According to road safety advocates, hundreds of lives and millions of dollars in taxpayer money could be saved each year in Illinois and around the country if some traditional intersections were replaced by roundabouts. Roundabouts, which are often referred to as traffic circles, are ubiquitous in Europe but quite rare in the United States. However, that may change in the years ahead as the safety benefits of replacing traffic lights and stop signs with roundabouts that slow down rather than stop traffic become more widely understood.
Researchers have discovered that replacing intersections with roundabouts actually leads to an increase in collisions but a significant reduction in fatalities and serious injuries. This is because the accidents that take place on roundabouts are generally low-speed fender benders rather than highway speed head-on or T-bone collisions. Experts say that roundabouts are less deadly because drivers entering them do not have to determine if they have time to clear the intersection before a light changes or an approaching car arrives.

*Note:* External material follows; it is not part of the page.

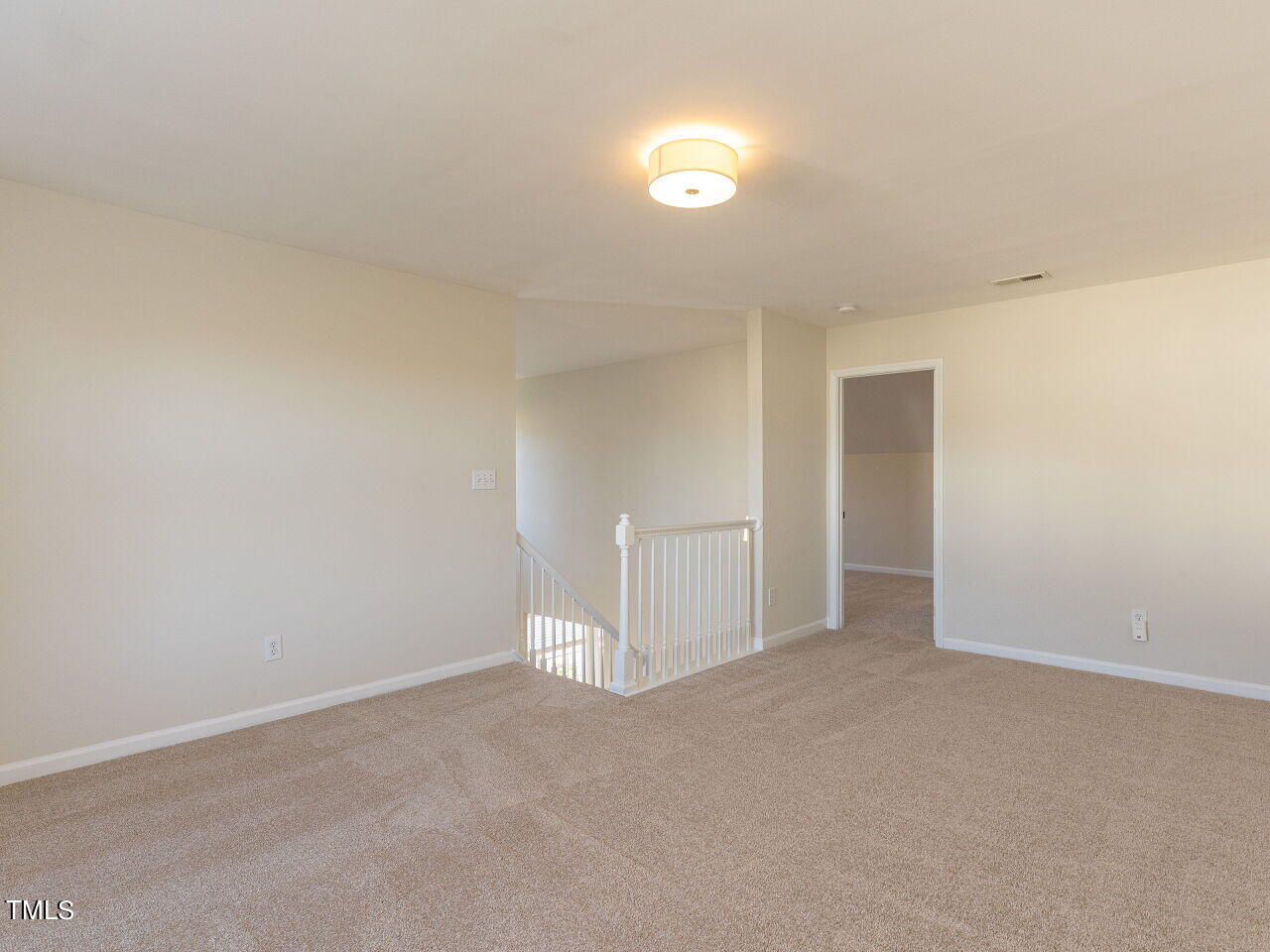 701 Knightsborough Way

The safety benefits of roundabouts are currently being put to the test in North Carolina. In June, state officials ordered roundabouts to be built at several car accident hotspots as part of the Tar Heel State's Road to Zero safety initiative. Lawmakers expect the roundabouts to reduce serious injuries by as much as 89 percent, and they also say that the project's $1.2 million price tag will save the state's taxpayers about $2.5 million every year in reduced emergency response costs.
Accidents that take place at busy intersections are often catastrophic, but determining who was at fault is often a relatively straightforward process for police. This is because many congested intersections are monitored by cameras to identify and ticket red light jumpers. Such evidence can be used by law enforcement and personal injury attorneys pursuing compensation for accident victims to establish what took place in the moments leading up to a crash.